There were two threshold issues that ran throughout the travel orders and the resulting litigation. First, there was the argument that federal law outright bans any order based on national origin. I previously wrote that this argument was flawed. In 1965 the Congress enacted the Immigration and Nationality Act of 1965. That law was designed to end the quota system given numerical preference to certain European countries. The operative provision states “no person could be “discriminated against in the issuance of an immigrant visa because of the person’s race, sex, nationality, place of birth or place of residence.” Congress exempted Cuban refugees but otherwise stated that no discrimination based on national or place of residence would be tolerated. However, that law does not apply to refugees and other presidents have barred entry based on national origin. Nevertheless, this was put forward by commentators as a threshold and determinative argument. It was correctly rejected by the majority of the Court.
Second, the lower courts put considerable weight on President Trump’s campaign statements and tweets. There is no question that President Trump made the defense of these orders more difficult with his controversial tweets, including the recent retweeting of controversial videos from an extremist group in England. However, the materiality of these statements was always highly questionable. Agency findings are normally accorded deference by courts, which are bound not to substitute their judgment for policy or political choices. That is precisely what the majority did. They went out of their way to note that they do not endorse these statements but rather the statements are not determinative over the traditional record in such cases.

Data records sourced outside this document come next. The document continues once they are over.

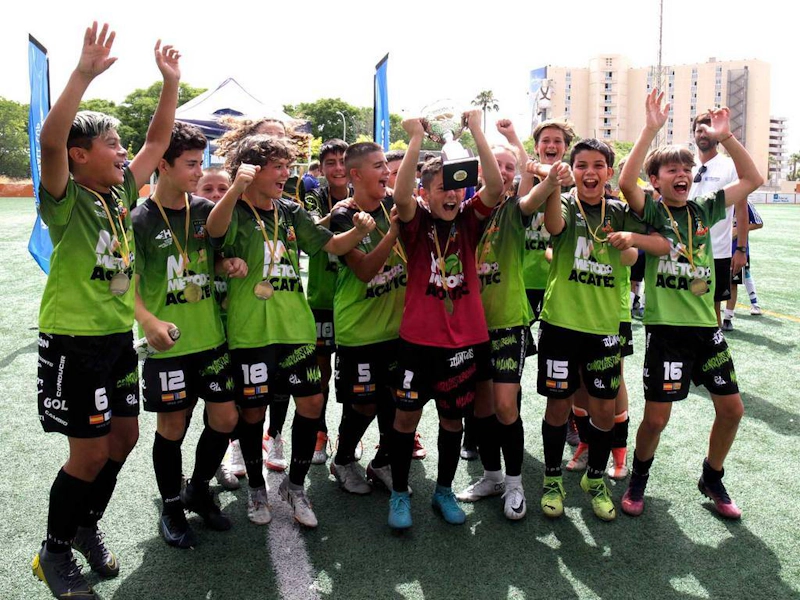 Youth football team jubilant with trophy, celebrating at Mallorca International Football Cup.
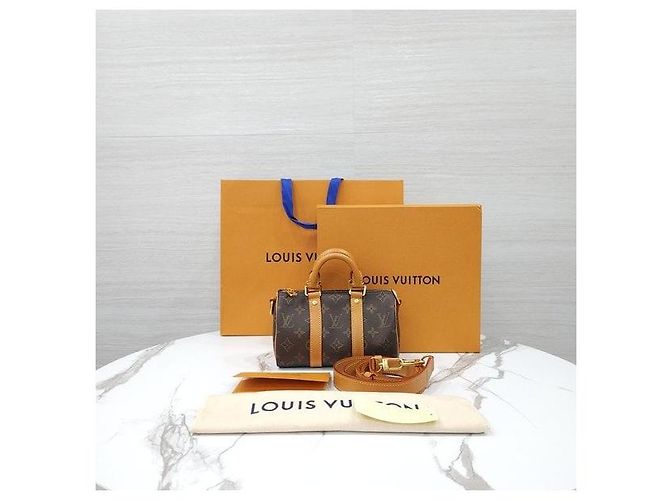 Louis Vuitton Nano Keepall Monogram Archive - vista 9
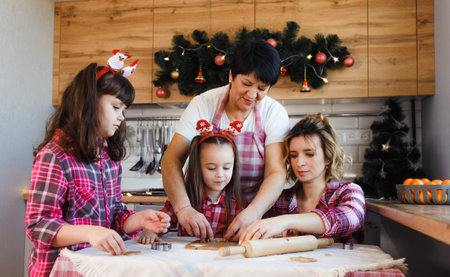 Grandma Teaches Her children and grandchildren to cook cookies according to an Old recipe.の写真素材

While critics correctly insisted that they succeeded in forcing multiple rewrites, they also helped create damaging precedent for future challenges. Despite the incendiary language of Trump, the inherent authority of the President and deference to these agencies still controlled. The original ban covered seven countries while the third ban covered eight (later reduced to seven). There was a needed change to address green card holders and other obvious flaws in the original order. However, the final decision was based on the same grounds as advanced in the first round.
Those two threshold questions had not changed with the different generations of the travel orders and the result would likely have been the same if either of the two prior rounds made it to the Court. It certainly helped to have the better record in this case and the rollout of the original order was dreadful. However, saying that the changes in the orders was the reason for this outcome is a Supreme spin.